Federer en Wimbledon
Tengo la impresión de que el domingo nos despedimos allí de una leyenda. Ojalá la niebla de la memoria no borre esa digna recuperación del clasicismo que nos ha traído Federer
Entre mis escasos rituales del año, incluyo Wimbledon y Roland Garros. Si bien es cierto que, para disfrutar del tenis como juego, prefiero la tierra batida, como ceremonia no encuentro nada comparable a todo lo que rodea la hierba del gran torneo londinense, retransmitido desde hace años en España por Canal +.
Me seducen los colores, esa fascinante combinación del verde y el lila, con el obligado blanco de los jugadores. No me pierdo el paseíllo del duque de Kent entre los recogepelotas, todo un ejemplo de displicencia clasista británica bien llevada, entre la aristocracia y el vulgo. Celebro la actitud de los jueces de línea y la capacidad de toda la organización cuando guardan composturas de desfile militar al milímetro en la entrega de trofeos. Disfruto con las malas artes de la meteorología y la destreza británica para desafiarlas.
Pero, ante todo, me fascina cómo aquella solemnidad preñada de espíritu deportivo contagia a los tenistas. Las míticas rivalidades por mí recordadas en la memoria viva: de Borj, McEnroe Lendl o Becker a Sampras y Agassi, o a este trío de ases contemporáneo que forman Federer, Djokovic y Nadal. Por no hablar de las damas, que este año han cristalizado en esa esperanza con descaro llamada Garbiñe Muguruza.

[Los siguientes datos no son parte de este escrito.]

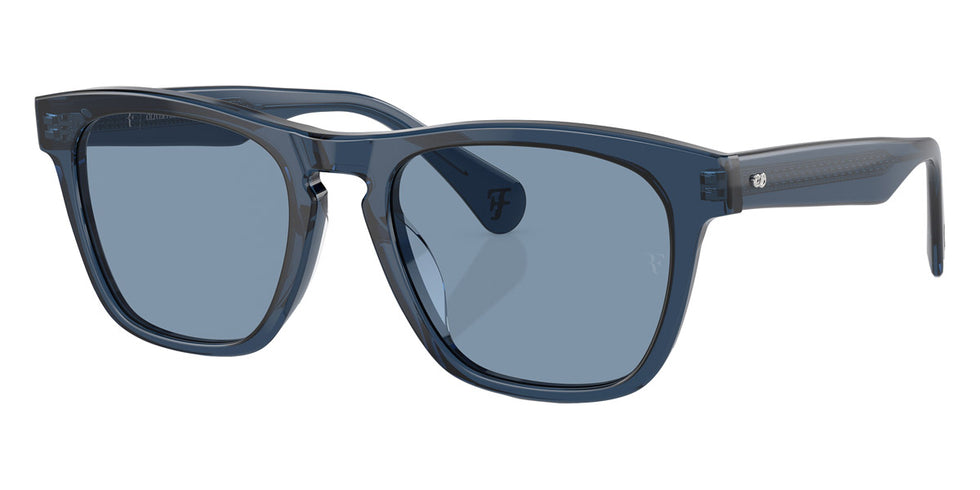 Oliver Peoples® R-3 OV5555SU 178780 51 Sunglasses - Blue Ash/Marine / Marine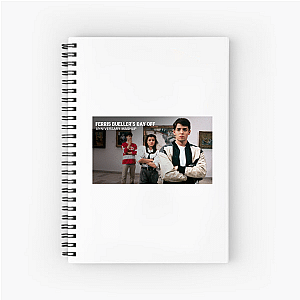 Vibes Only Ferris Buellers Day Off Ferris Buellers Day Off Notebook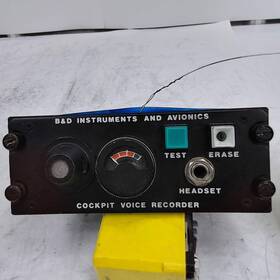 B & D Instruments Inc. 25001-00311 Control Unit - Cockpit Voice Recorder And Inc. Core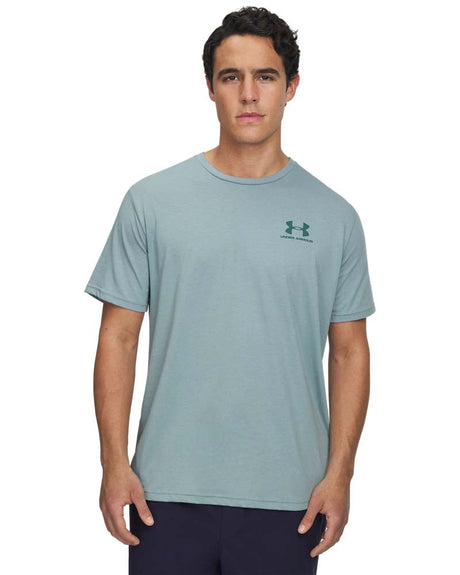 UA M SPORTSTYLE LC SS (1326799-323) Men - Feel You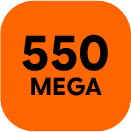550 mega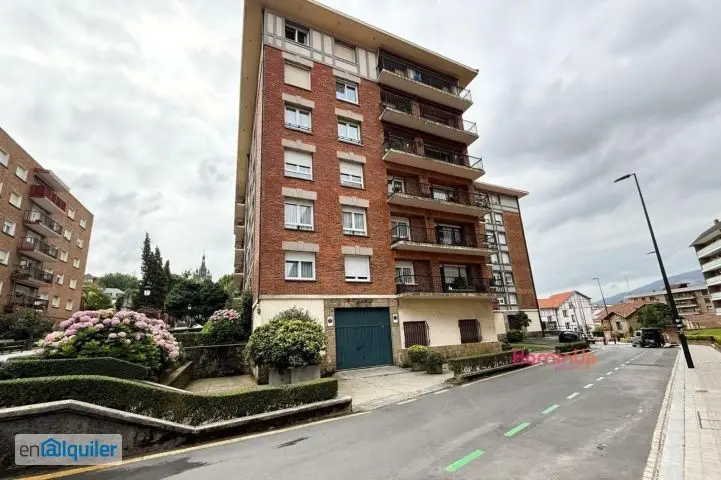 Alquiler Piso Amueblado Begoña Bilbao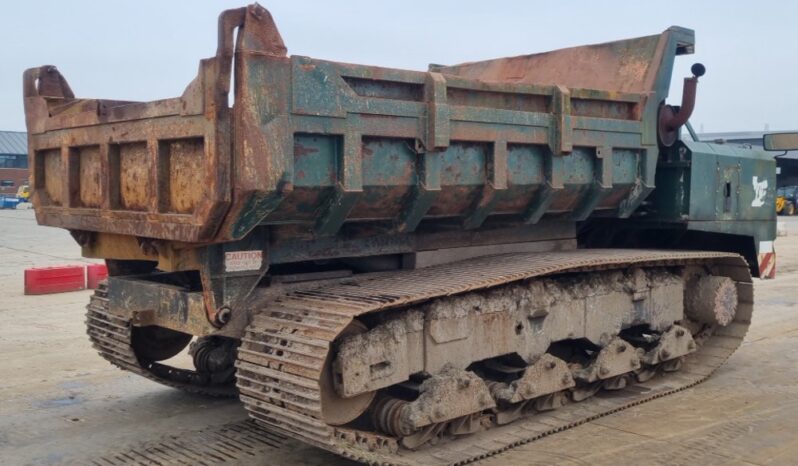 Morooka CG15 Tracked Dumpers For Auction: Leeds -27th, 28th, 29th, 30th November 24 @ 8:00am full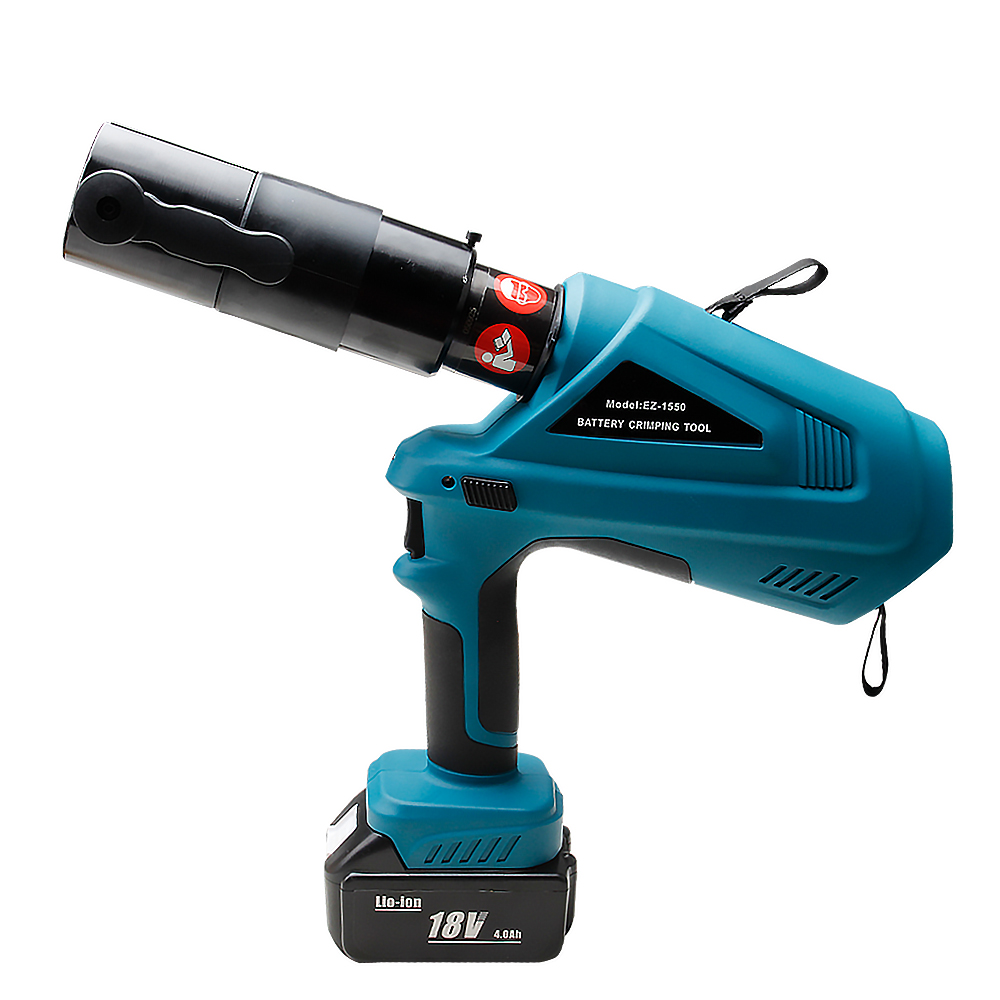 EZ-1550 & LS-1525 Multi-Pipe High-Efficiency Display Battery Pipe Crimper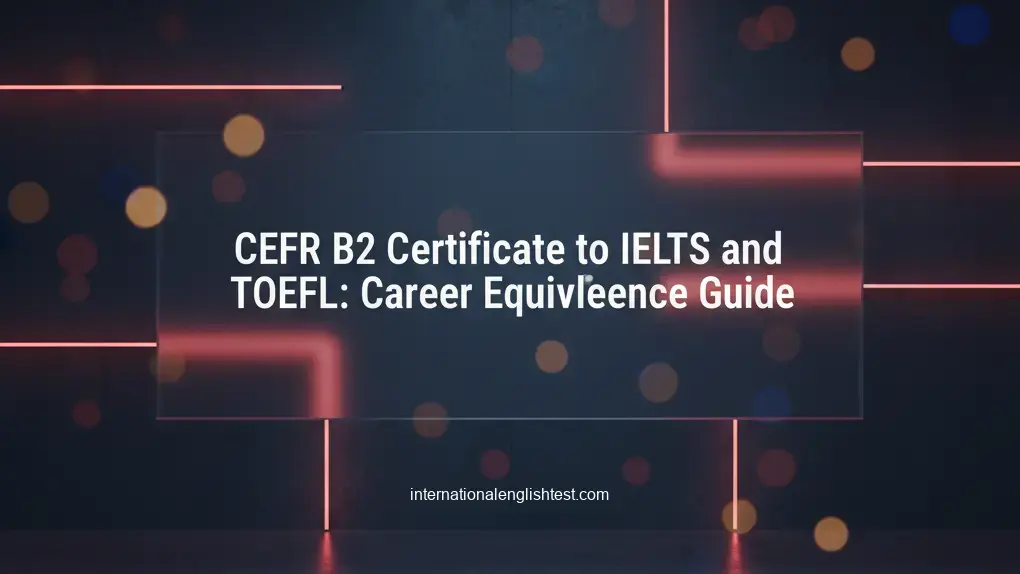 cefr-b2-certificate-to-ielts-and-toefl-career-equivalence-guide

Tengo la impresión de que el domingo nos despedimos allí de una leyenda. Ojalá la niebla de la memoria no borre esa digna recuperación del clasicismo que nos ha traído Federer. El tenista que parece no sudar devolvió en gran medida a este bendito deporte la elegancia que una caprichosa obsesión por el impacto mediático le había arrebatado. Ha demostrado la belleza inmutable del revés a una mano, la mitología de la constancia, saber ganar y saber perder. Ese señor de las pistas debería constar en los manuales de urbanidad global con su milimétrica y audaz concepción de lo que los clásicos llamarían virtud.